In fact, he brought 669 children to safety in Britain in eight Kindertransports, perilous journeys with some of the children just babies, all suddenly separated from their families and on trains that went through Germany.
Not all the children were Jewish. Some were the kids of politicians and activists whom he believed would be key Nazi targets.
But for the next 50 years, Winton’s intense months of work to save the innocents from Hitler became a memory — and one he never discussed with his family. All they knew about was a scrapbook.
“The scrapbook itself was just something he did before the war,” says Nick Winton, 71, who regularly speaks about his father’s legacy. “It didn’t mean anything to me at all.”
That all changed in 1988, on the show called “That’s Life,” whose anchor Esther Rantzen turned to Winton and told him two people he was sitting between were among those he had saved.
Winton had thought he had been invited to be a fact-checker for a segment on World War II, in which he served in the Royal Air Force.
Nick says it took his father “a long time to forgive Rantzen” for the emotional “ambush.” But the moment of 24-karat TV gold was still to come, when she reunited him with dozens of children he had saved.
The scene is one of many tear-jerking moments in the movie, which is directed by James Hawes, a former researcher on the show.
But Winton’s son said that he found being portrayed as a hero difficult because of the 250 children who had not made it out in time.

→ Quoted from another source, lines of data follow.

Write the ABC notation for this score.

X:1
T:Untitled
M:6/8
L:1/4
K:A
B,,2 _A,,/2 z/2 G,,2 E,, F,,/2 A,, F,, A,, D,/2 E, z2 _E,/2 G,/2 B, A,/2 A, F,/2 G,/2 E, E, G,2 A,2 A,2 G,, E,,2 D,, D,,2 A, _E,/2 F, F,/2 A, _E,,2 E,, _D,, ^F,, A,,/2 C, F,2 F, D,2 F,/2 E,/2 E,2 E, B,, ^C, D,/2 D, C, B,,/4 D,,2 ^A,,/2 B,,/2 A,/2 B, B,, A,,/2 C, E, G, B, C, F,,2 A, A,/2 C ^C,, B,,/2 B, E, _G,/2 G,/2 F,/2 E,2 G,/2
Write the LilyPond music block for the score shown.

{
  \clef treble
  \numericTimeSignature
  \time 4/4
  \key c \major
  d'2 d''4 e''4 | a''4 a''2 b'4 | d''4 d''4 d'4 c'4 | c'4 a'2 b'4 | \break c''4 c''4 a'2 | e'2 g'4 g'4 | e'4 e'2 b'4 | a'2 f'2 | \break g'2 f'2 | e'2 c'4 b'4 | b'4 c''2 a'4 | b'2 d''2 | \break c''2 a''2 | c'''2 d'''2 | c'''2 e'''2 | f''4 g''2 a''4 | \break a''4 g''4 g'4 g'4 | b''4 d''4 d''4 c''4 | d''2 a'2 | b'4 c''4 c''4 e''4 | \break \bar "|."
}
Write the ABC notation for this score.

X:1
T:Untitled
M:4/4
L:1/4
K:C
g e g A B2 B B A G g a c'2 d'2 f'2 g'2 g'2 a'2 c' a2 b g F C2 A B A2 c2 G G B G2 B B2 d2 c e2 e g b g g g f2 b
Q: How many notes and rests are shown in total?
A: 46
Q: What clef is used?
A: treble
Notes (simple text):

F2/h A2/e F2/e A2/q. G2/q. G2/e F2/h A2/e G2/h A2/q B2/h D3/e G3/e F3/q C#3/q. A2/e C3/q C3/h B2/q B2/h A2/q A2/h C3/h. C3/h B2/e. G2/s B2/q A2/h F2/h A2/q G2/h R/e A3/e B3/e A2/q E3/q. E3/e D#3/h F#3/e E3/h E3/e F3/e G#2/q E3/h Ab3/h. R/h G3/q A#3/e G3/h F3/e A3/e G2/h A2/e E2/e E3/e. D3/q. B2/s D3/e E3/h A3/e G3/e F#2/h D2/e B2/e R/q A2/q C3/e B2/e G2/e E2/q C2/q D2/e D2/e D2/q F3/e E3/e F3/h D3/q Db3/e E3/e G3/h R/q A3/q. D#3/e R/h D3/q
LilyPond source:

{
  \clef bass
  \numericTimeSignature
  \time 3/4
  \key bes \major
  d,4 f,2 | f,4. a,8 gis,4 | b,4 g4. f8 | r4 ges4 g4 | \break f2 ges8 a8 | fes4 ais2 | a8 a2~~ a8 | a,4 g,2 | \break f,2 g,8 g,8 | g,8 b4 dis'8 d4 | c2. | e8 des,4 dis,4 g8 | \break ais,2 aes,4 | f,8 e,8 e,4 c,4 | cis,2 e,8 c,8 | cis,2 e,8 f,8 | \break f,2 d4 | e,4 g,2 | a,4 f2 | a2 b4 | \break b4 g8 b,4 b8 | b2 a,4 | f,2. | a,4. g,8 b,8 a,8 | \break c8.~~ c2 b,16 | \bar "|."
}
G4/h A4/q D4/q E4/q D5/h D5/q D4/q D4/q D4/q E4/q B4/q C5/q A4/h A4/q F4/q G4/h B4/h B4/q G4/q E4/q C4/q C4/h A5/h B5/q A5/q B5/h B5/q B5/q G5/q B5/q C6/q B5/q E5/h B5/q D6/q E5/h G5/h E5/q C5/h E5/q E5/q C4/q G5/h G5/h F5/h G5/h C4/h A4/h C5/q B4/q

His ninth, and largest, transport was booked to leave on Sept. 1, 1939. But that day, Germany invaded Poland and the borders were sealed. It is thought almost all of those children were murdered in Auschwitz.
It was this sense of loss — not the miraculous rescue of the 669 mostly Jewish children he did help save — that was uppermost in Winton’s memories.

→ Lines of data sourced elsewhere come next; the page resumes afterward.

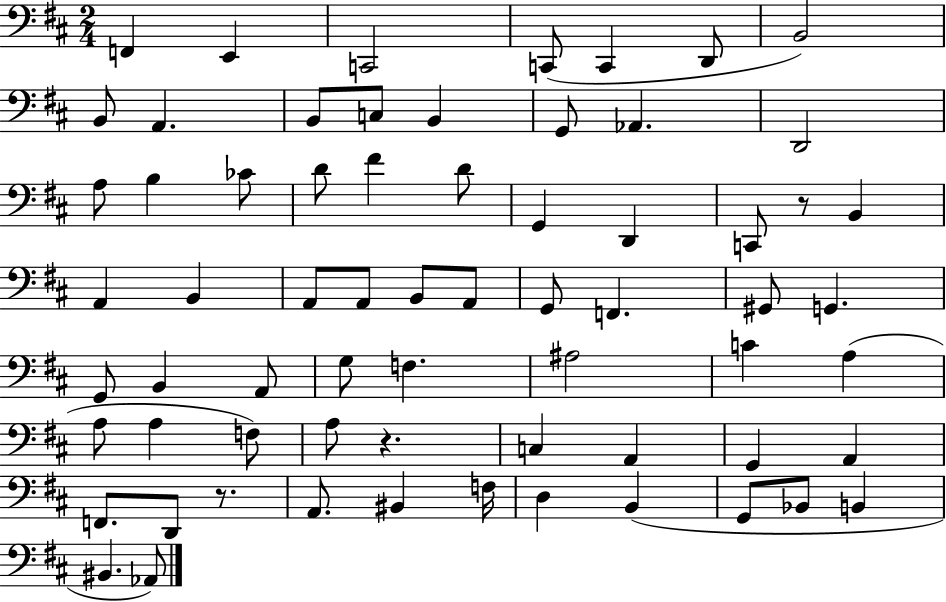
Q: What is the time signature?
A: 2/4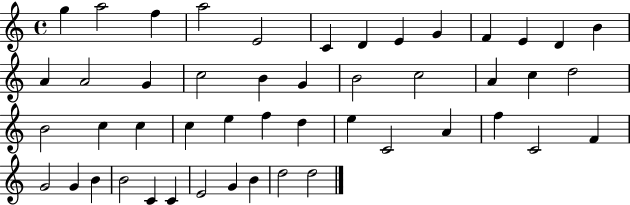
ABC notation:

X:1
T:Untitled
M:4/4
L:1/4
K:C
g a2 f a2 E2 C D E G F E D B A A2 G c2 B G B2 c2 A c d2 B2 c c c e f d e C2 A f C2 F G2 G B B2 C C E2 G B d2 d2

“He felt that he was being built up as this saintly figure,” says Nick. “He was just an ordinary man doing ordinary work,” though one “primed to recognize the impending catastrophe.”

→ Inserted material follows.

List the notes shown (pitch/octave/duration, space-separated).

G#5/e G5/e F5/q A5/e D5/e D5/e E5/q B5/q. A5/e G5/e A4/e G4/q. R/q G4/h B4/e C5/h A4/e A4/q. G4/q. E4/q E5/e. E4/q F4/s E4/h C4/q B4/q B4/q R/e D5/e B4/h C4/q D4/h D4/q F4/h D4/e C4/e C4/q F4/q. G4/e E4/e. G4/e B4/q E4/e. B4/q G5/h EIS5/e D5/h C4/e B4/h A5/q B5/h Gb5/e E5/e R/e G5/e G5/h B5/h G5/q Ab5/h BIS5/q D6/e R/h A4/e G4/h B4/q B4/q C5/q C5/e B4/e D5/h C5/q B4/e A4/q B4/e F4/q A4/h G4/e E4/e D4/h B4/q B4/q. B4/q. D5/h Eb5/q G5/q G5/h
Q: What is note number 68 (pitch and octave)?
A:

Nick — who has seen the film about six times, “and I weep every time” — says his father “was brought up with a troubleshooting outlook.”
‘A great deal of goodness’
Winton was keen to stress that despite his garlanding — as well as being knighted in Britain he was declared a national hero in the Czech Republic and honored by Israel — he did none of his work alone.
He particularly credited Trevor Chadwick, who “did the more difficult and dangerous work after the Nazis invaded . . . he deserves all praise.”
Chadwick, played by Alex Sharp, was a Latin teacher who was dispatched by his uncle, the headmaster, to chaperone two Jewish boys to the UK. He barely spoke of what he did before his death in the 1970s; in a scant two-page account, he said: “I shall always have a feeling of shame that I didn’t get more out.”
Chadwick’s son Charles, 91, told The Post, “He only did what other people could have done. All one can say is that the human spirit is capable of a great deal of goodness given half the chance.”
Doreen Warriner, who died in 1972 and is portrayed by Romola Garai in the film, focused on organizing the escape of anti-Nazi activists.
She became the British Committee for Refugees from Czechoslovakia’s representative and sent exasperated letters to London newspapers that almost got her fired. Refugees needed “visas not chocolate,” she wrote.
Her nephew, Henry Warriner only learned of her efforts from an obituary in The Times of London.
“I was amazed, I was shocked,” he said, and subsequently wrote a biography, “Doreen Warriner’s War.”
Winton died in 2015, aged 106, on the 76th anniversary of the departure of the train carrying the largest number of children, 241. He had become a friend of many of those he had saved.
At least 6,000 people, possibly many more, are descended from the children saved by Britain’s Oskar Schindler.